Differently from the patchet upstream, this patch does not remove
support for the legacy #PF-based delivery, and removes unnecessary
refactoring to limit changes to KVM guest code.
v2: add kvm_apf_int_enabled flag to prevent handling of PAGE_READY
[1] https://lore.kernel.org/kvm/20200525144125.143875-1-vkuznets@redhat.com/
Reviewed-by: Eugene Batalov <bataloe@amazon.com>
Reviewed-by: Greg Farrell <gffarre@amazon.com>
Signed-off-by: Riccardo Mancini <mancio@amazon.com>
---
arch/x86/entry/entry_32.S | 5 +++
arch/x86/entry/entry_64.S | 5 +++
arch/x86/include/asm/hardirq.h | 2 +-
arch/x86/include/asm/kvm_para.h | 7 ++++
arch/x86/include/uapi/asm/kvm_para.h | 16 +++++++++-
arch/x86/kernel/irq.c | 2 +-
arch/x86/kernel/kvm.c | 48 ++++++++++++++++++++++++----
7 files changed, 75 insertions(+), 10 deletions(-)

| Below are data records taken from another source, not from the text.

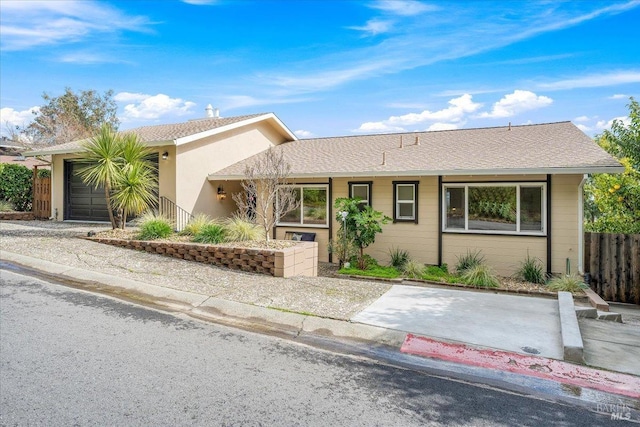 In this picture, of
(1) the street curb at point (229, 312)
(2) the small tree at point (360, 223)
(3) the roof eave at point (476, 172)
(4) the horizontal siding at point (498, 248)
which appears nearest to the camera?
(1) the street curb at point (229, 312)

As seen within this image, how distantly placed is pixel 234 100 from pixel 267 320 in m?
20.0

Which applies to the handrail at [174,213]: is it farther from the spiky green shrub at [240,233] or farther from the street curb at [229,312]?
the street curb at [229,312]

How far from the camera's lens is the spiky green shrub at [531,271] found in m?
9.62

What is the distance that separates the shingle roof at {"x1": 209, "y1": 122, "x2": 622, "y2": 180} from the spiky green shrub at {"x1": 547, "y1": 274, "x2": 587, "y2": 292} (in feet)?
8.21

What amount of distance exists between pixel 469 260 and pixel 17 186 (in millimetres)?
19668

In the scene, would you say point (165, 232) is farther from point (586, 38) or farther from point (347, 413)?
point (586, 38)

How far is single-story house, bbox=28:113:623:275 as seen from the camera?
9906 millimetres

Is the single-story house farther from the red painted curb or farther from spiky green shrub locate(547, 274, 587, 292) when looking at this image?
the red painted curb

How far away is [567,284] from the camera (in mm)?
8633

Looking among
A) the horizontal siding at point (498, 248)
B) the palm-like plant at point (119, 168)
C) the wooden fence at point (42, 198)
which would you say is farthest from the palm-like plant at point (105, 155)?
the horizontal siding at point (498, 248)

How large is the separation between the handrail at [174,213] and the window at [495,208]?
26.9 ft

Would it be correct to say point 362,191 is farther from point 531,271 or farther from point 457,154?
point 531,271

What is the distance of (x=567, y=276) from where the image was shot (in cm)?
896

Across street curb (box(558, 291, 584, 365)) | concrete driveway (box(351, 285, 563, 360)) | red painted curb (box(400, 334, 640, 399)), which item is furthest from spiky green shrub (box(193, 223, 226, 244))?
street curb (box(558, 291, 584, 365)) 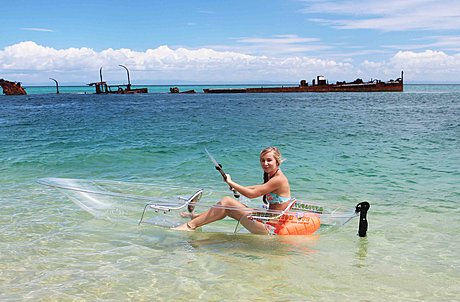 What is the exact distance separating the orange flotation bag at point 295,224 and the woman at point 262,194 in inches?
6.6

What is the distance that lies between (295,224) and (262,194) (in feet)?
2.58

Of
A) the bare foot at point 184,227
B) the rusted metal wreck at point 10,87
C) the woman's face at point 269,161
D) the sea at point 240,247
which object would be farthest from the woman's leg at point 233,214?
the rusted metal wreck at point 10,87

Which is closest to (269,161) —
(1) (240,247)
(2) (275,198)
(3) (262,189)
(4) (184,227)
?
(3) (262,189)

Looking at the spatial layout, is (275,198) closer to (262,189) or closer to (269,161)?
(262,189)

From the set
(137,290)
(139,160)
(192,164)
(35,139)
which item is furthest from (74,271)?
(35,139)

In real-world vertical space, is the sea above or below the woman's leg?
below

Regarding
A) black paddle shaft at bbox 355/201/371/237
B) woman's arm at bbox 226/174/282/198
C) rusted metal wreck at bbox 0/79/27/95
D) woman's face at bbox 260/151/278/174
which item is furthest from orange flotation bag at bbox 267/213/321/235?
rusted metal wreck at bbox 0/79/27/95

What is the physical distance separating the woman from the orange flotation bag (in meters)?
0.17

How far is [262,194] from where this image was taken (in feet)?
22.9

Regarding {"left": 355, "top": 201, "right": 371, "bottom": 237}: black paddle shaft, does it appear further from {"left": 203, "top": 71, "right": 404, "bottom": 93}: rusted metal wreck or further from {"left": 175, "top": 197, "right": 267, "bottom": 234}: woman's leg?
{"left": 203, "top": 71, "right": 404, "bottom": 93}: rusted metal wreck

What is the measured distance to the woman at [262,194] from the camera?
22.5 feet

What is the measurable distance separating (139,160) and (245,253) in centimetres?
1057

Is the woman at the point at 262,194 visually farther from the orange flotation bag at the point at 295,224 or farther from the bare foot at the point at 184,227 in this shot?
the orange flotation bag at the point at 295,224

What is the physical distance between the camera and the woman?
6859mm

diff --git a/arch/x86/entry/entry_32.S b/arch/x86/entry/entry_32.S
index 1fdedb2eaef3..460eb7a9981e 100644
--- a/arch/x86/entry/entry_32.S
+++ b/arch/x86/entry/entry_32.S
@@ -896,6 +896,11 @@ BUILD_INTERRUPT3(hyperv_callback_vector, HYPERVISOR_CALLBACK_VECTOR,
#endif /* CONFIG_HYPERV */
+#ifdef CONFIG_KVM_GUEST
+BUILD_INTERRUPT3(kvm_async_pf_vector, HYPERVISOR_CALLBACK_VECTOR,
+ kvm_async_pf_intr)
+#endif
+
ENTRY(page_fault)
ASM_CLAC
pushl $do_page_fault
diff --git a/arch/x86/entry/entry_64.S b/arch/x86/entry/entry_64.S
index 1804ccf52d9b..545d911a2c9e 100644
--- a/arch/x86/entry/entry_64.S
+++ b/arch/x86/entry/entry_64.S
@@ -1113,6 +1113,11 @@ apicinterrupt3 HYPERVISOR_CALLBACK_VECTOR \
hyperv_callback_vector hyperv_vector_handler
#endif /* CONFIG_HYPERV */
+#ifdef CONFIG_KVM_GUEST
+apicinterrupt3 HYPERVISOR_CALLBACK_VECTOR \
+ kvm_async_pf_vector kvm_async_pf_intr
+#endif
+
idtentry debug do_debug has_error_code=0 paranoid=1 shift_ist=DEBUG_STACK
idtentry int3 do_int3 has_error_code=0 create_gap=1
idtentry stack_segment do_stack_segment has_error_code=1
diff --git a/arch/x86/include/asm/hardirq.h b/arch/x86/include/asm/hardirq.h
index 486c843273c4..75e51b7c9f50 100644
--- a/arch/x86/include/asm/hardirq.h
+++ b/arch/x86/include/asm/hardirq.h
@@ -37,7 +37,7 @@ typedef struct {
#ifdef CONFIG_X86_MCE_AMD
unsigned int irq_deferred_error_count;
#endif
-#if IS_ENABLED(CONFIG_HYPERV) || defined(CONFIG_XEN)
+#if IS_ENABLED(CONFIG_HYPERV) || defined(CONFIG_XEN) || defined(CONFIG_KVM_GUEST)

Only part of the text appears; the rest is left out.